The focus is on spin liquids: how to define them and whether they exist in real materials and/or whether they are the ground state of physically reasonable quantum lattice Hamiltonians.
Bruce considers three different classes of spin liquids, each being defined by their excitation spectrum. In the figure below, singlets are red and triplets are blue.
(b) Type I. There is gap between the singlet ground state and both the lowest-lying triplet state and the first excited singlet state.
(c) Type II. There is gap between the singlet ground state and the lowest-lying triplet state. There is no gap to a continuum of low-lying singlet states.
(d) Algebraic spin liquids. There is no gap to either the lowest-lying triplet state or the first excited singlet state.
An important question is how to distinguish these different states experimentally. One basic question I am not clear on is: what are the qualitative differences between the dynamical spin susceptibility for the three different classes of spin liquids? This susceptibility is the quantity which determines inelastic neutron scattering cross sections and the NMR relaxation rate.

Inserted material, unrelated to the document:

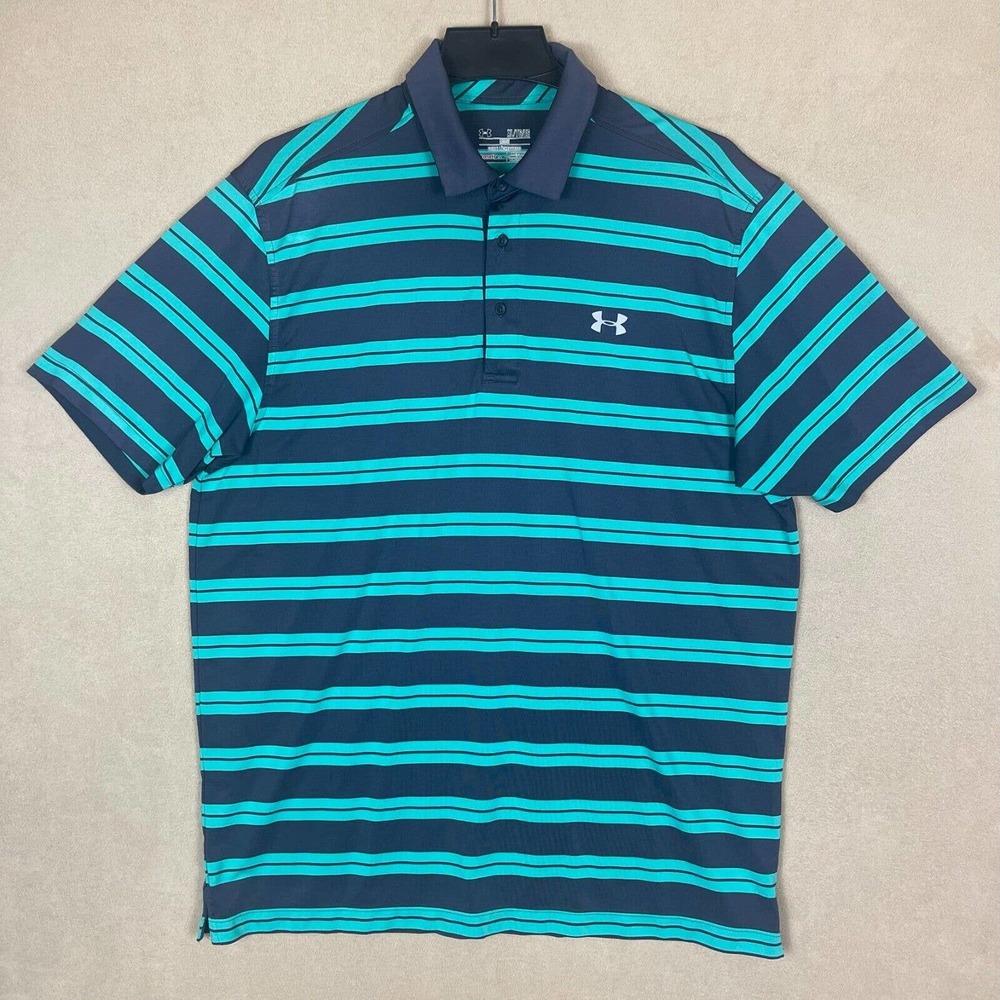 Under Armour HeatGear Performance Polo Shirt Mens XL Green Striped Relaxed Fit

I believe singlet excitations do not contribute to the susceptibility but cannot find a proof of this. [Maybe work in the spectral representation and show that the relevant matrix elements between the singlet ground state and a singlet excited state must be zero?]
All these excitations will contribute to the specific heat capacity at low temperatures and the thermal conductivity. The singlet spectrum will not shift in a magnetic field but the triplets will split and the corresponding spectral weight be redistributed.
An what does this have to do with superconductivity? Well,.. strong coupling RVB-type theories focus on singlet excitations whereas weak-coupling AFM fluctuation theories focus on triplet excitations. This important point is nicely emphasized and discussed in this review on the cuprates by Mike Norman.